The trade-off, or bargain, is that companies start selling their drugs in very small but targeted patient populations with very high medical need, but then expand the label and indications as data is developed. This would be an iterative digital learning process that breaks down the barriers that currently exist between clinical research and real world patients.
Another way to think of it would be as a "rolling" approach to drug approval where safety and efficacy data would be continually collected in different populations in the "real world" to expand use, restrict use, or withdraw the product.
Obvious hurdles that an adaptive licensing approach would have to overcome would include liability concerns, patent issues (companies will have to be convinced that they FDA won't trap their drug in niche population while the patent life of the drug is eroding), and convincing providers and insurers that adaptive licensing wouldn't foist expensive and unproven medicines on a credulous public.

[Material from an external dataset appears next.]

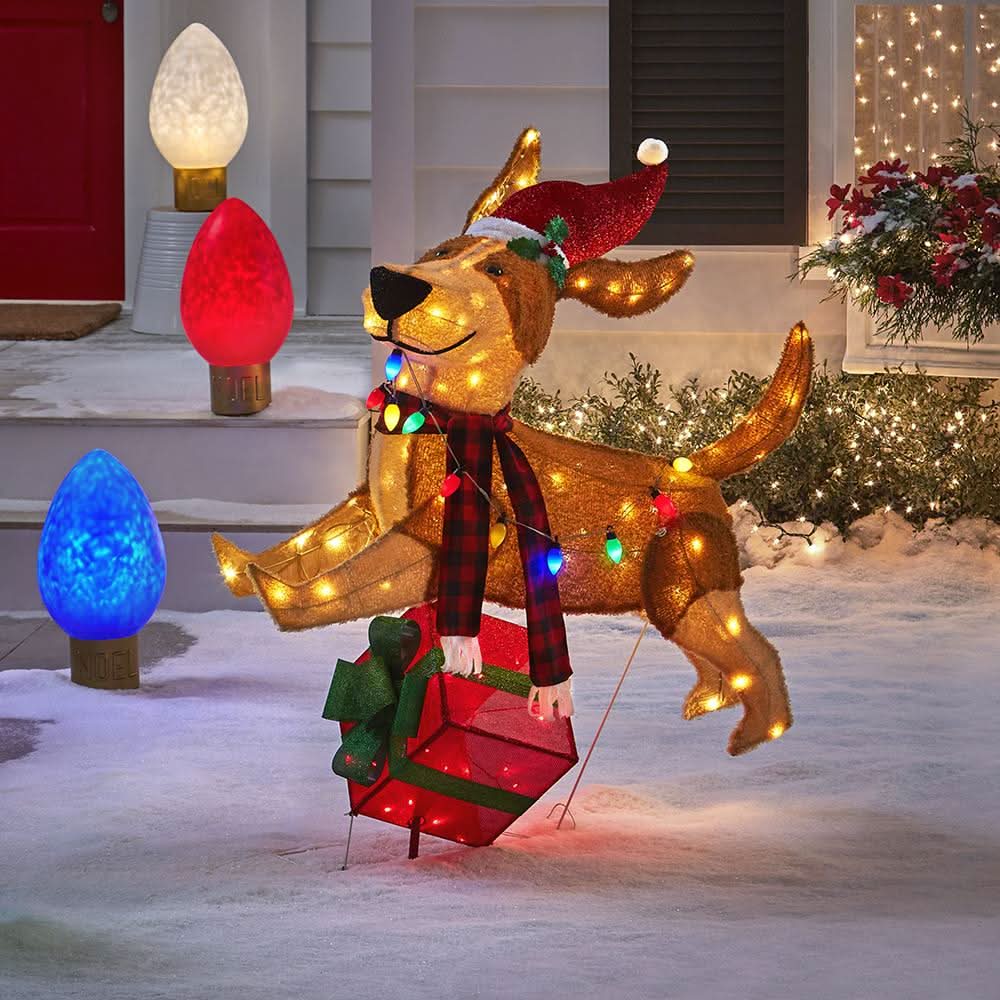 Cachorrinho de Natal Alegre e Saltitante com 144 LEDs Coloridos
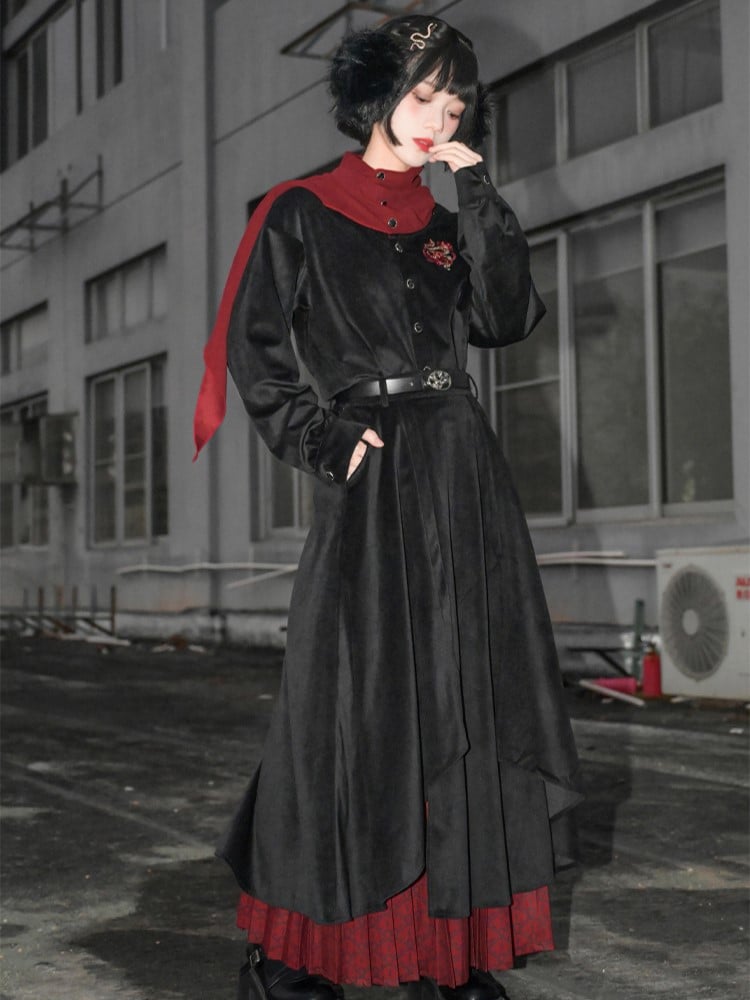 Double-Layer with Thicken/Thin Hem Print Cheongsam Red Pleated Black Snake Skirt Asymmetrical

But I think these are all very tractable problems. The key for success would be shifting from the idea of informed consent, which is now focused patients enrolled in highly selective clinical trials, to an idea of informed choice in a market environment.
Consumers would have to accept more uncertainty in some respects, but it would be in return for greater potential benefits in areas of high unmet medical need.
The FDA's job would also shift from gatekeeper to chief information officer, ensuring that patients and physicians were empowered with the data they need to make smarter choices.
The irony is that we often don't have the information we need to make truly informed choices today. Drugs are tested in highly artificial clinical trials, before they are released into large populations. In fact, the way we test and approve drugs today actually penalizes companies for taking a more stepwise approach to learning about their products, because the patent clock is ticking every minute they are in testing.
In short, the FDA's compassionate use program is a very small tool, for what is a very big problem. We need a new paradigm for thinking about patients and sustaining breakthrough innovations - offering patients less compassion, and better informed choices.